What you should do: With pictures omitted, copy exactly every line from the one that contains "Ultrasonic Pet Tooth" to the end of the listing below.

Listed records:
● ● ● ●

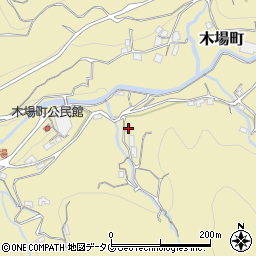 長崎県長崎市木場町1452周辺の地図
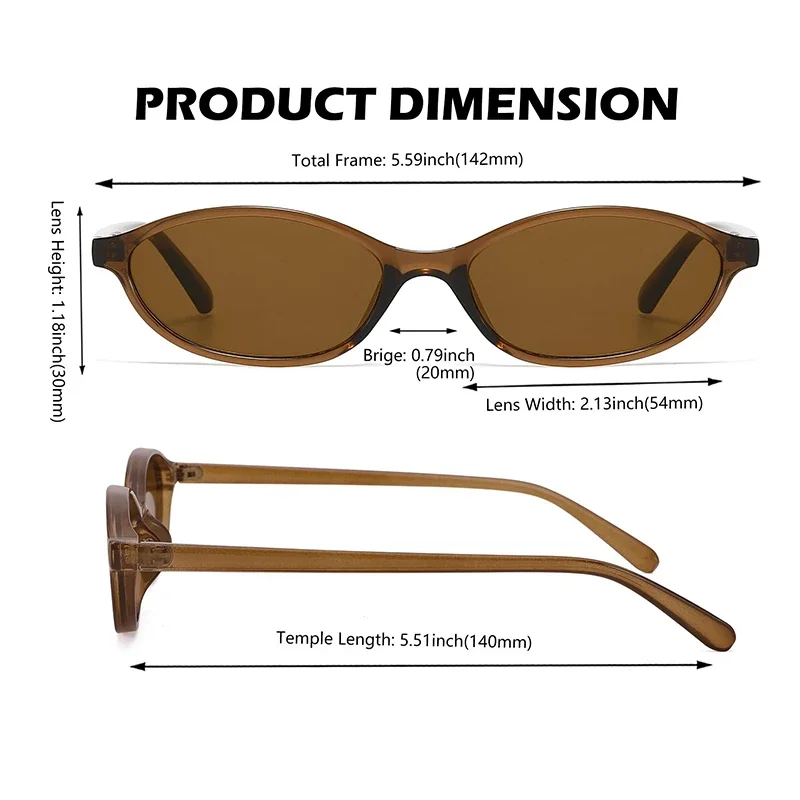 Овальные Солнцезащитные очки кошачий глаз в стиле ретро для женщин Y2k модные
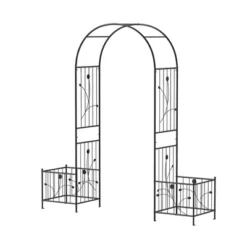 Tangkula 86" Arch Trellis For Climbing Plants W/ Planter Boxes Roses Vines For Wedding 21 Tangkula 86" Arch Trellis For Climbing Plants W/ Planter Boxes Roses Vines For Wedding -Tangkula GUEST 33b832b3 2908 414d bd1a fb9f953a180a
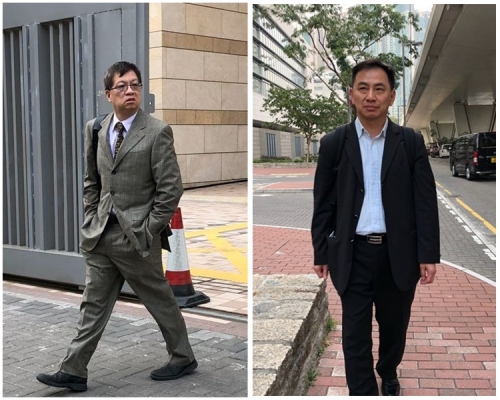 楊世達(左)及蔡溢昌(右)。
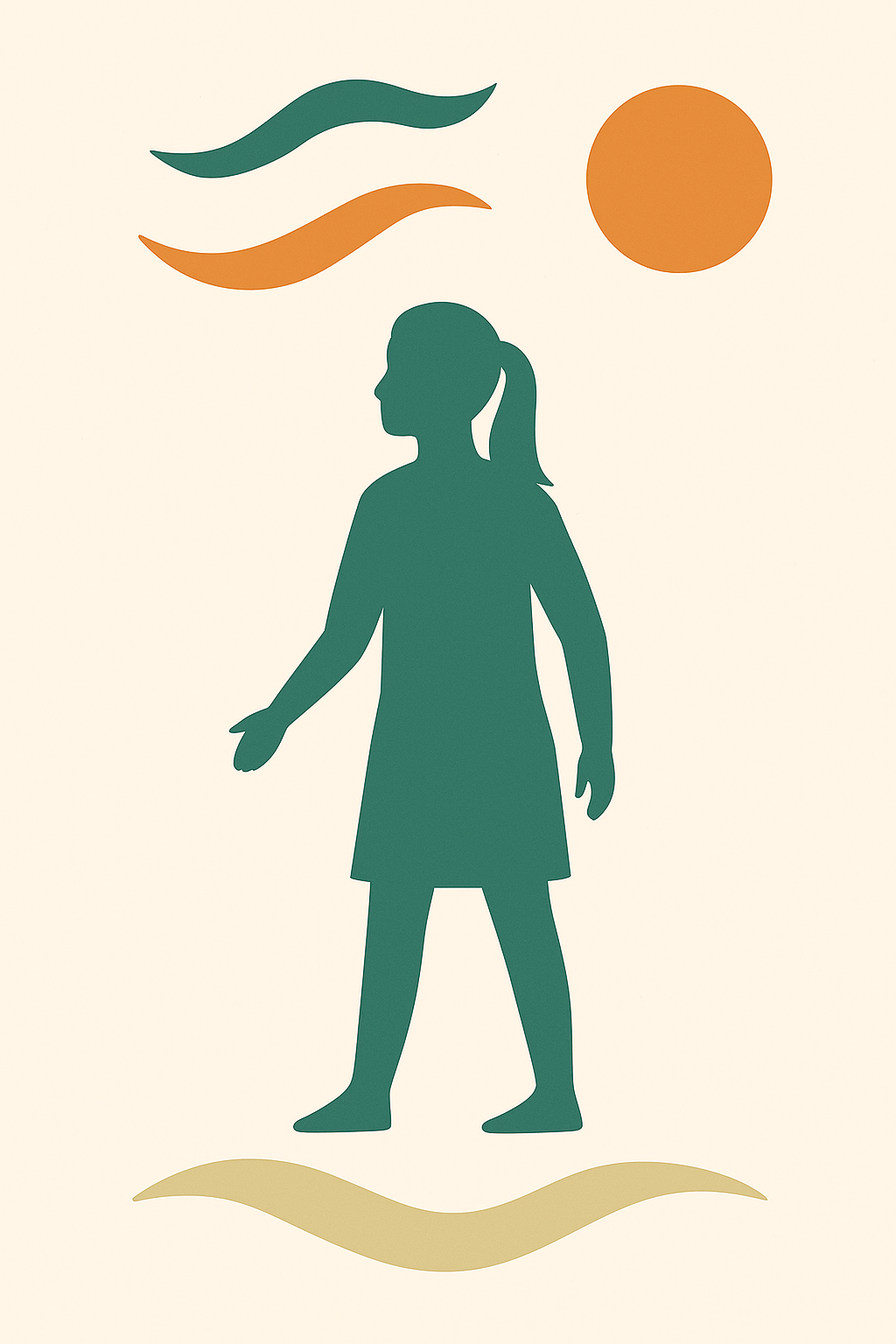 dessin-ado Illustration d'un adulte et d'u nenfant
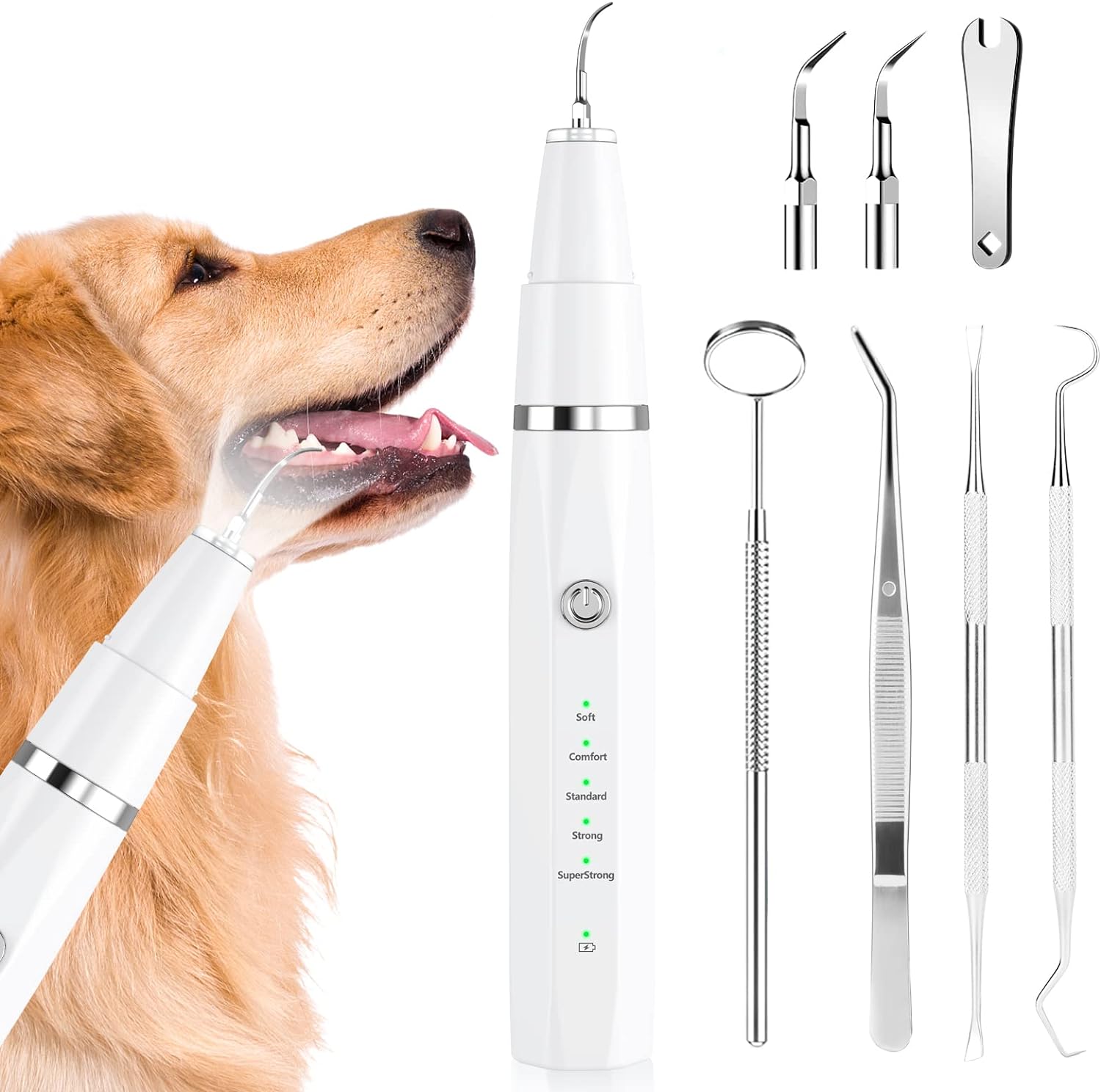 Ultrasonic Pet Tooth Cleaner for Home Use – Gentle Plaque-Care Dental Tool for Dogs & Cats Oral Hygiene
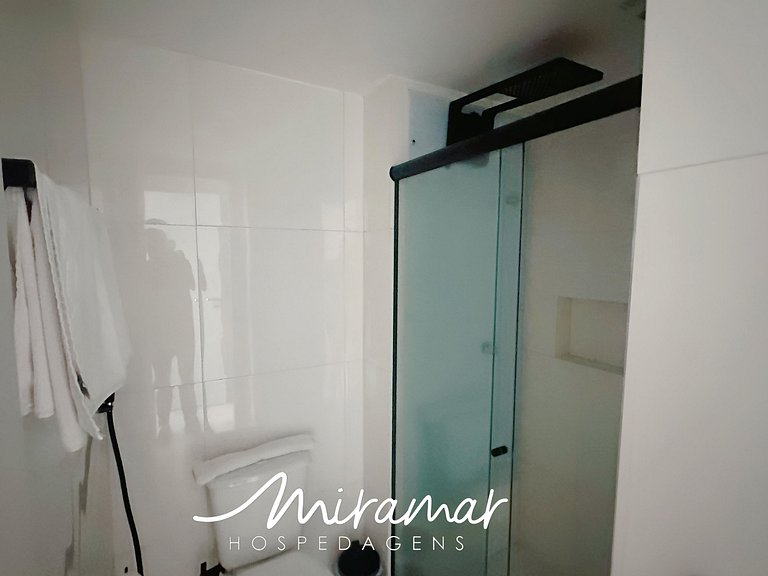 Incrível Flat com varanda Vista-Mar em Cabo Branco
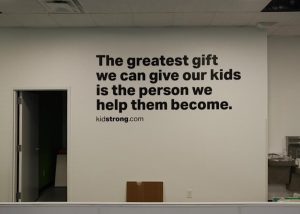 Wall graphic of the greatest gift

● ● ● ●

Expected answer:
 Ultrasonic Pet Tooth Cleaner for Home Use – Gentle Plaque-Care Dental Tool for Dogs & Cats Oral Hygiene
 Incrível Flat com varanda Vista-Mar em Cabo Branco
 Wall graphic of the greatest gift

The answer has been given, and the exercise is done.